Information supplied:
****************
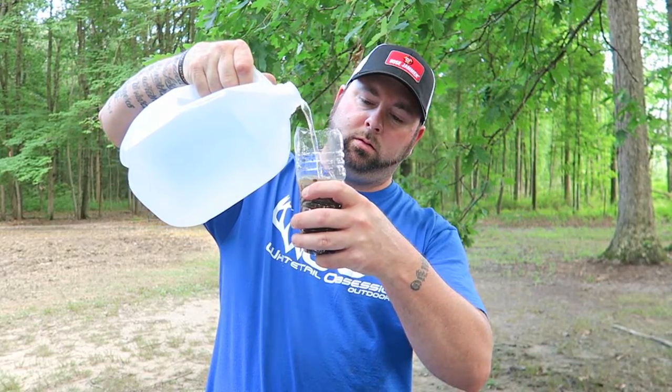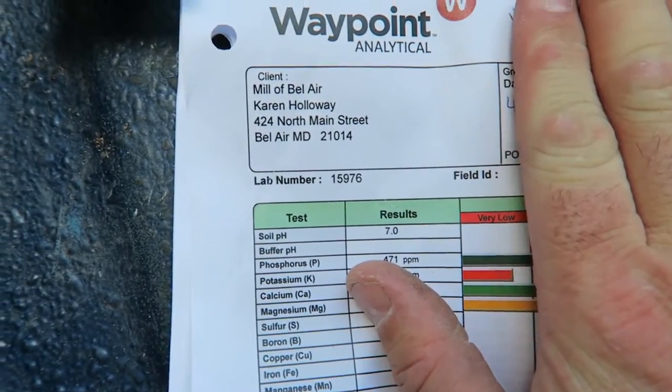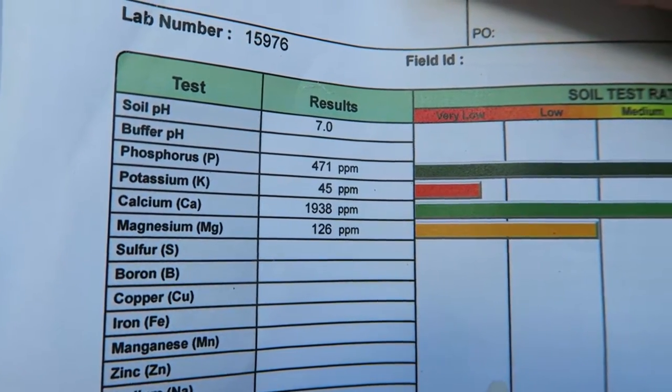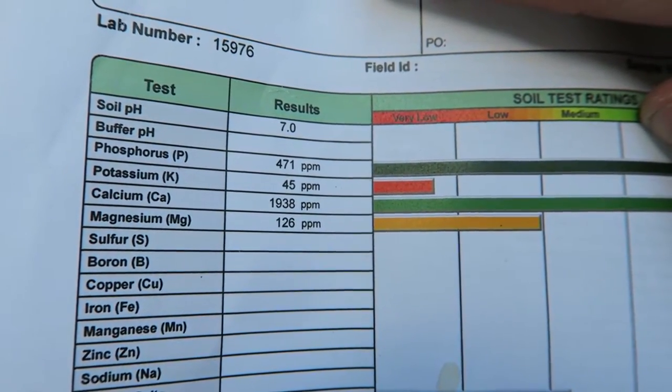We went ahead and added roughly six to eight ounces of dirt into the cup, then added an equal part of distilled water, mixed it up into a little mud pie, and now we let the dirt settle to the bottom — roughly 15 minutes. Also, you can see here this plot was tested by Waypoint: soil pH was 7.0, potassium was low, and magnesium was low, but we went ahead and corrected that with some fertilizer. Right now we're just worried about the pH.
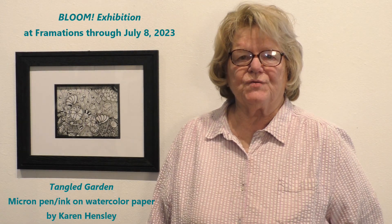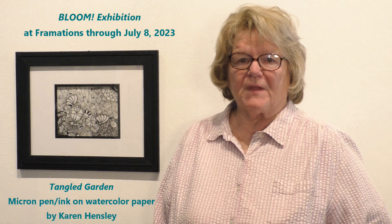Hi, I'm Karen Hensley. I've been juried into the show at Framations Gallery. The name of the show is Bloom. This inking is called Tangled Garden.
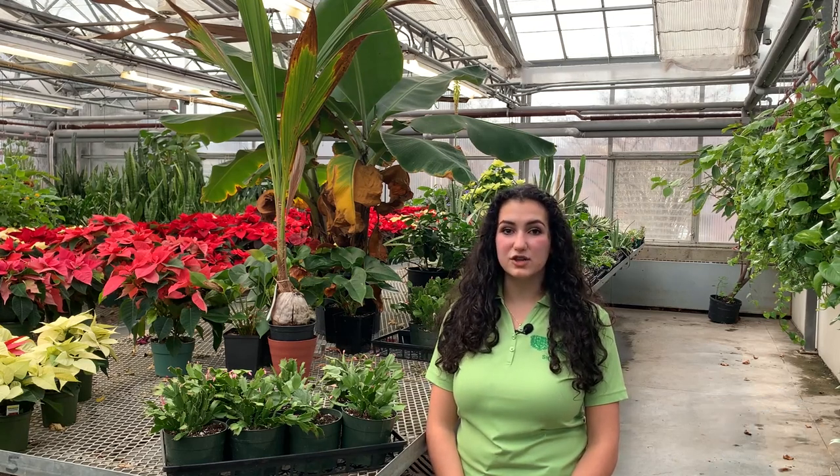Thank you, Chris, for all of your helpful information. I hope our viewers have learned some useful tips on how to care for their Christmas cactus. To learn more about plant care, please visit rbg.ca or look up RBG's YouTube channel and search RBG at home for more videos on plant care. Have a wonderful day and happy holidays.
****************
Goal of the exercise: Restate all of the material above word for word, excluding the pictures.

Answer box:
We went ahead and added roughly six to eight ounces of dirt into the cup, then added an equal part of distilled water, mixed it up into a little mud pie, and now we let the dirt settle to the bottom — roughly 15 minutes. Also, you can see here this plot was tested by Waypoint: soil pH was 7.0, potassium was low, and magnesium was low, but we went ahead and corrected that with some fertilizer. Right now we're just worried about the pH.
Hi, I'm Karen Hensley. I've been juried into the show at Framations Gallery. The name of the show is Bloom. This inking is called Tangled Garden.
Thank you, Chris, for all of your helpful information. I hope our viewers have learned some useful tips on how to care for their Christmas cactus. To learn more about plant care, please visit rbg.ca or look up RBG's YouTube channel and search RBG at home for more videos on plant care. Have a wonderful day and happy holidays.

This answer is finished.